In a recent discussion regarding the growth of so called social gaming it was suggested that gaming isn’t all about people sat in darkened rooms sat playing games by themselves.
Whilst I do agree that the likes of FarmVille have provided a much more accessible form of gaming and tying into the social networking sites does appeal to new markets but does that really make the games more social? Or more to the point, are the games of a decade ago and before really that anti-social?
To try and answer that you really need to define what we mean by social. My personal interpretation is that being social within a game involves interacting with other players, either competitively or more preferable co-operatively. In my view it is about making friends, forming bonds and rivalries as well as sharing and collaborating. When it is put that way, is it really true that games are more social than before?
The emergence of online play obviously has had a major impact, but that isn’t something new over the past few years. Yes, broadband speeds are improving and nearly everyone is fully online but 10 years ago I was playing online games. I’ve been in clans for seven or eight years now and in all the gaming I’ve encountered, it is by far the most social.
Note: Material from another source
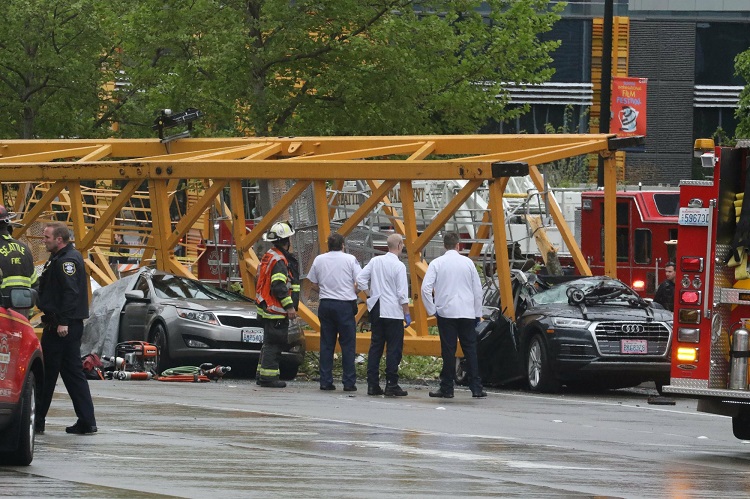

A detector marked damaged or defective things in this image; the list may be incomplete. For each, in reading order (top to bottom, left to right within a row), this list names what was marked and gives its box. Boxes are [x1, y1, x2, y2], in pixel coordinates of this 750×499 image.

Through forums, MSN and other chat clients I get to know my fellow clan members, becoming friends. Rivalries with other players and clans also develop as a result of matches or simply the competitive nature of the games and individuals. Voice communications, or just in game text chat, allow for real time communication from banter between teams to coordination and teamwork. In my article discussing the online play for Delta Force: Black Hawk Down I pointed out that what made me become so immersed was the community, the social aspect of playing.
Many modern FPS titles lack the communication, particularly on consoles, with clans using their own VOIP for communication. The massive growth of gaming, in particular consoles, no doubt has had an impact here as well. Rather than banter and joking between players, often communication is flaming, accusations and about e-peen followed by rage quitting. Perhaps this change has clouded the fact that online gaming has been social for many a year.
We cant forget the MMO genre either. Even 10 years ago there were popular MMOs with players working together in quests and building friendships by forming guilds. Of course many people play these game too much and they don’t need to be played alongside other players, which for sure is anti-social behaviour, but how can you deny that social gameplay was not there?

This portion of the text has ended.